Yanelys Nuñez Leyva
HAVANA TIMES — On the occasion of another anniversary of Cuba’s San Alejandro Arts Academy – celebrated this past January 18 – we conversed with Aluan Arguelles, one of the institution’s youngest teachers, to get to know how this, Latin America’s oldest school of its type, operates internally.
HT: Is the San Alejandro Arts Academy an important reference for art education in Cuba today?
ALUAN ARGÜELLES: The San Alejandro Arts Academy is a two-hundred-year-old institution and, as such, an obliged reference for the country’s arts education system and for the history of Cuban art and culture. Today, as a result of changes and the fact the school was incorporated into the Natioanal Art Schools Center (CNEart), the institution has become an official reference for the system, as the programs of studies offered by the other art schools in the country are prepared and tried out at San Alejandro first. Also, our school has highly specialized faculties and workshops that are unique in the country at this level of schooling.
HT: What is the admittance process like?
A: It involves aptitude exams, which are nothing other than a sample of the skills an applicant may or may not have. These include life and creative drawing, painting, sculpture and a general culture test which recently became an oral exam.
HT: What kinds of students apply to enrol in the school?
A: Well, the school is completely open in that sense: anyone with the skills, aptitudes and sensibility needed for art can enrol. Only those people who do not meet the age requirements established by the academy are disqualified. Before, a broader range of people applied because the school offered courses for people who work and high school graduates, but those courses ceased to be offered some time ago.
HT: How does San Alejandro cope with the lack of resources the country faces?
A: San Alejandro is not immune to those shortages. However, I can’t fail to mention the efforts that the school makes every year so that new students can start their courses with a decent set of materials. Not having dream materials – and this is something I tell my students all the time – cannot restrict our creativity too much. It may be one of the attractive features of the creative process that artists trained in Cuba go through. As teachers, we are constantly forced to look for alternatives and solutions that fit the program of studies, without eliminating important exercises from the syllabus.
HT: In your experience, first as a student and then as a teacher in the academy, do you feel any significant changes have taken place in the school?
A: There’s always changes. After I graduated in 2002, a digital art faculty and a serigraphy workshop were created. They also set up the Cascarilla teaching project and repaired the school’s two galleries completely.

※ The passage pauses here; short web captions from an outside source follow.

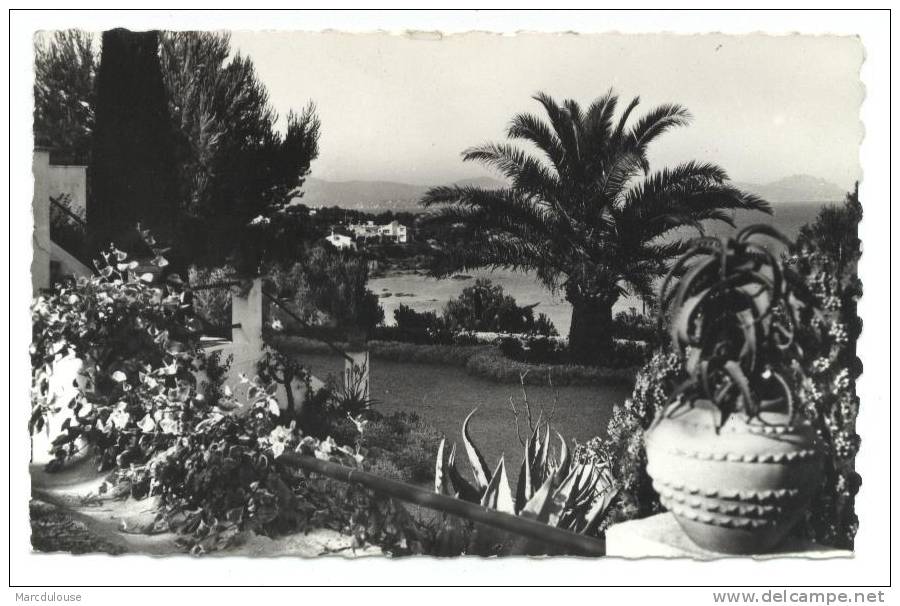 Les Issambres. Calanques. Le Village Provençal. - Les Issambres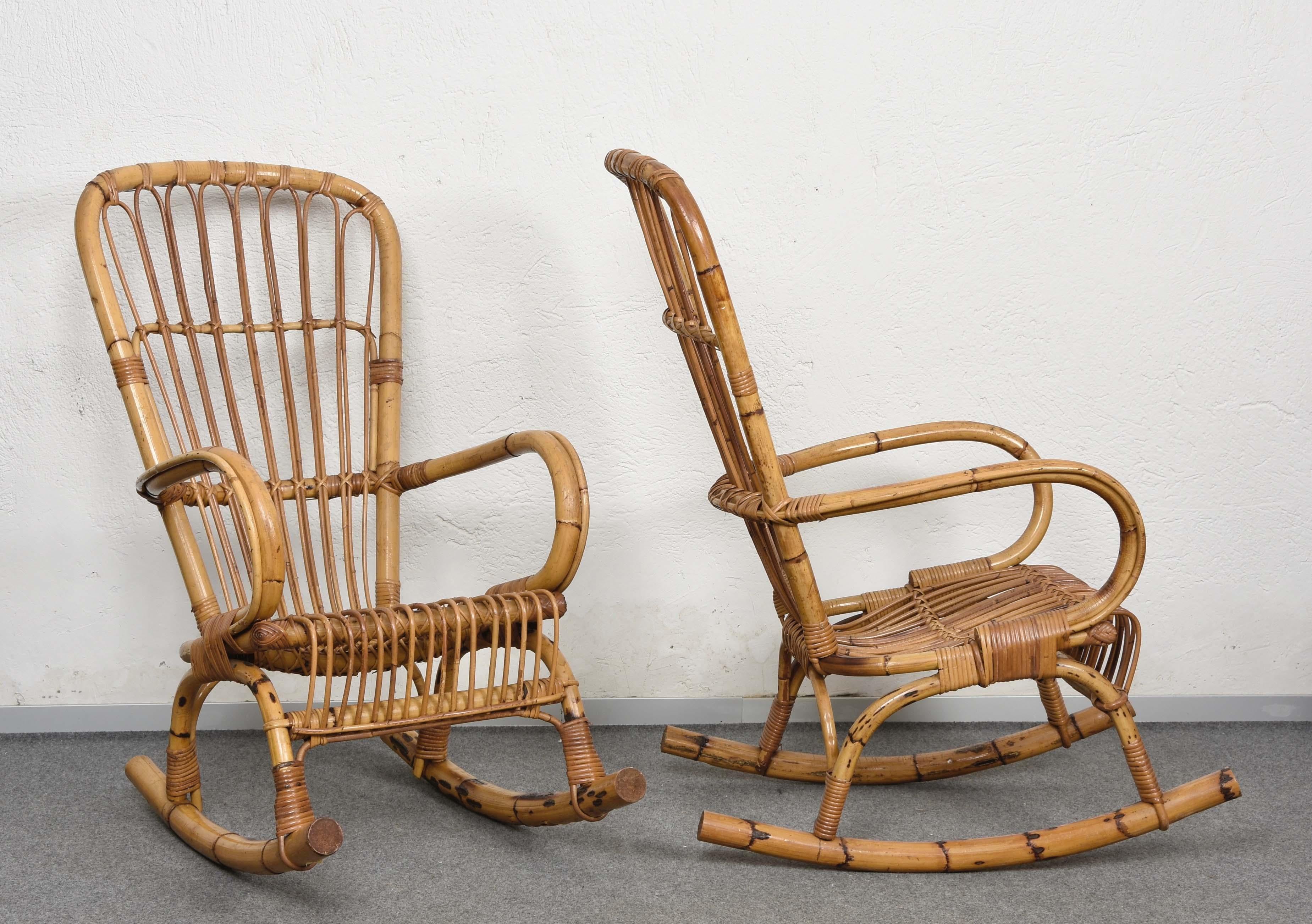 Pair of Midcentury Cote d'Azur Rattan and Bamboo Italian Rocking Chairs, 1960s In Good Condition For Sale In Roma, IT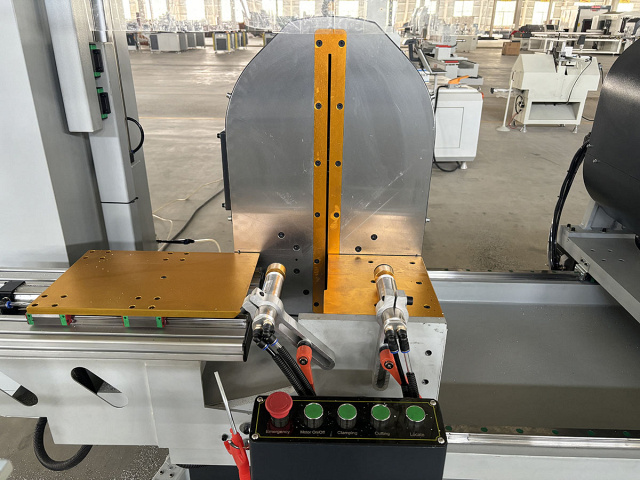 �������������� ����������� ���� � ��� QUADRO ALUCUT CNC 550 � 4500 Servo 22,5� - 157,5�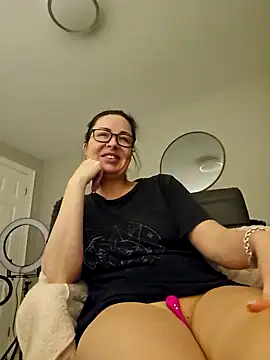 RebeccaXO  online show from 02.11.25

HT: What do the teachers aim at with the different courses offered at the school?
A: Our staff is highly varied. It is made up by teachers with many years experience at the school and by others who are very young and graduated from the academy recently. However, despite our large differences, we all pursue the same thing and share one aim: that students graduate with the tools and preparation they need for their careers.
HT: What do you try to offer your classes, specifically?
A: Currently, I work with Julio Cesar Moracen, teaching sculpture to first year students. From the start, we try to get them to read, to prepare them to become Cuban artists, persistent and not naive. We want for them to become professionals, always critical of their work and, most importantly, hard workers.
HT: Where can we see the school work they do?
A: Students at San Alejandro have many priviliges. The Ludwig Foundation is one of the venues that displays student work through exhibitions, conferences and other types of events. There’s also the Covarrubias gallery of the National Theater, the Provincial Arts Center (on the intersection of Luz and Oficios, Old Havana) and some municipal galleries.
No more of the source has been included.